U.S. economic growth spiraled down to its lowest point in three years, according to the Gross Domestic Product (GDP) report released by the Commerce Department today.
The key culprit -- the housing sector, in which spending fell to its lowest point since 1991. Residential fixed investment, which includes spending on housing fell 17.4 percent. Yikes!
Prices for homes are dropping dramatically too. The Census Bureau reported yesterday that the median price for a new home fell to $217,000 from $240,400 a year ago. That's the lowest price in two years and the biggest year-over-year decline since December 1970.
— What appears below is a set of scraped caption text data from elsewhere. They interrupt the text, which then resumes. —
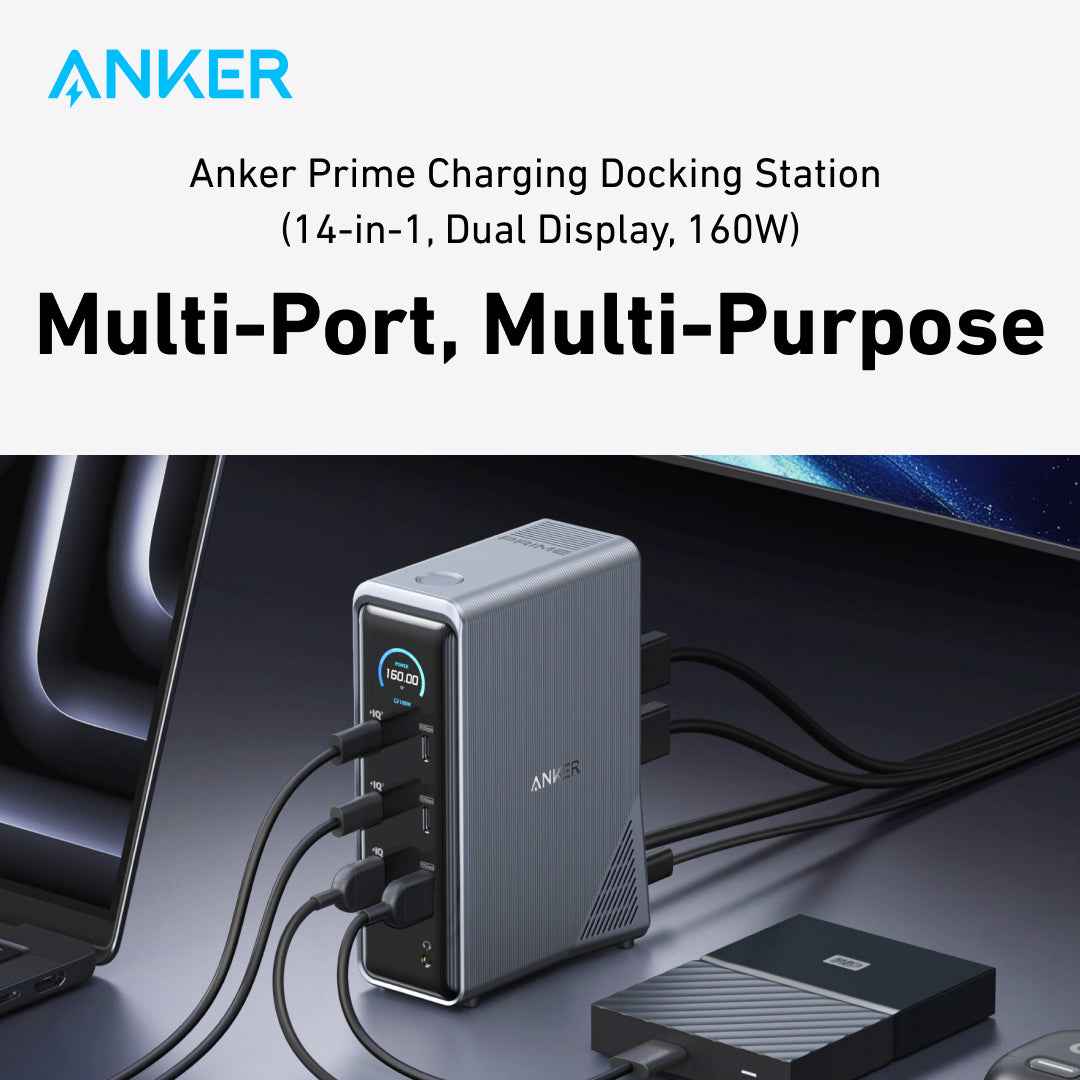 Anker Prime Charging Docking Station (14-in-1, Dual Display, 160W)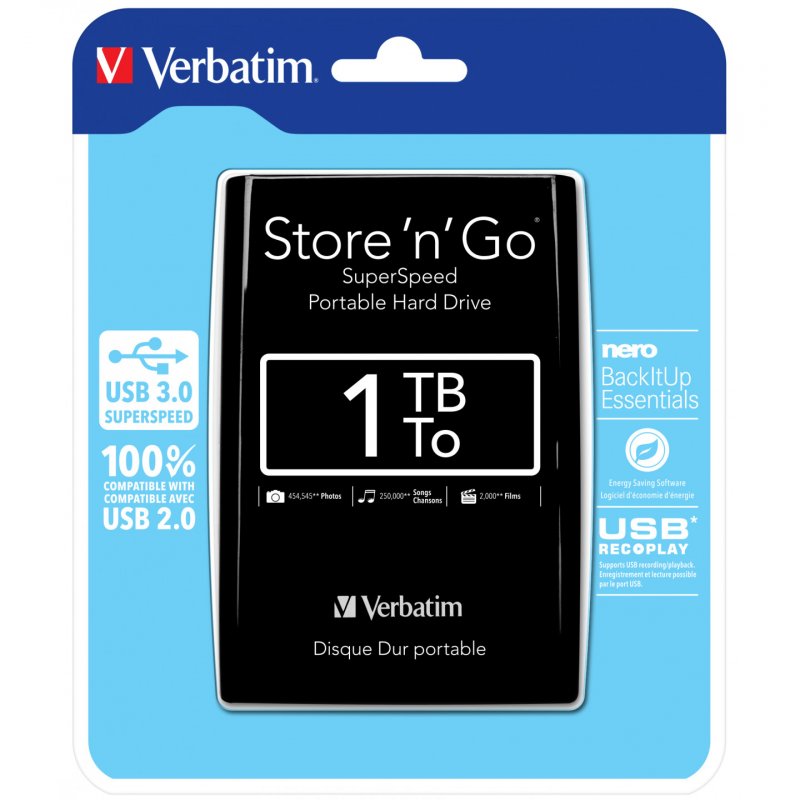 Verbatim Store 'n' Go USB 3.0 Portable Hard Drive 1TB Black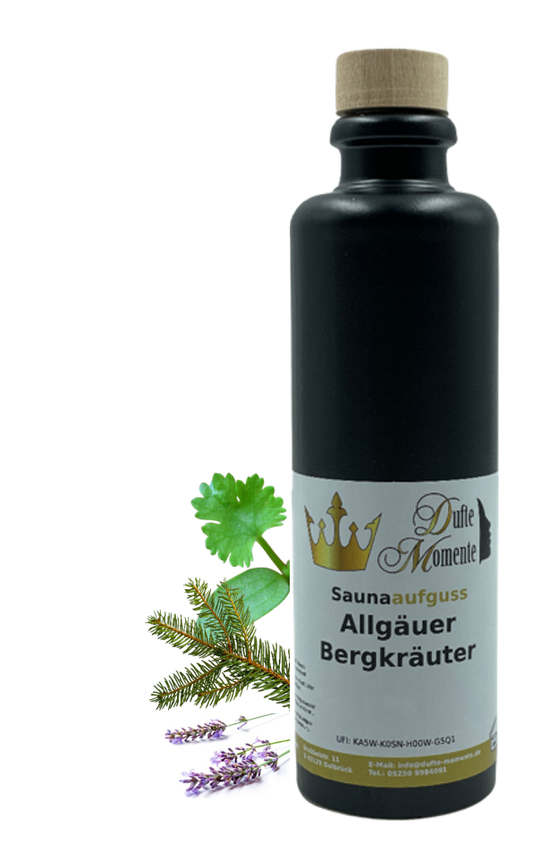 Saunaduft Konzentrat Flasche aus Steinzeug  200 ml Allgäuer Bergkräuter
Since the construction industry accounts for about a tenth of U.S. economic activity, this drop in spending will likely have a ripple effect throughout the rest of the economy. The construction industry is a major buyer of raw materials and finished products. Think about all the companies that are dependent on new homes being built and people buying things for those new homes.
The impact could be dramatic on so many industries and retail outlets including Home Depot, Loews, appliance manufacturers, furniture dealers -- just about every type of retail outlet that services products needed in a home. In addition to product sales, the decreased activity in construction could hurt job growth and the ability of local governments to raise revenue to pay for local services. There could also be a slide in new construction of stores and shopping centers, which tends to mirror population growth and building trends.
Businesses responded to this expected slowdown by slowing their inventory accumulation, according to the Commerce Department. Stockpiles rose by $50.7 billion compared to $53.7 billion in the second quarter. Analysts were expecting the weaker inventory number because of slowing production of motor vehicles.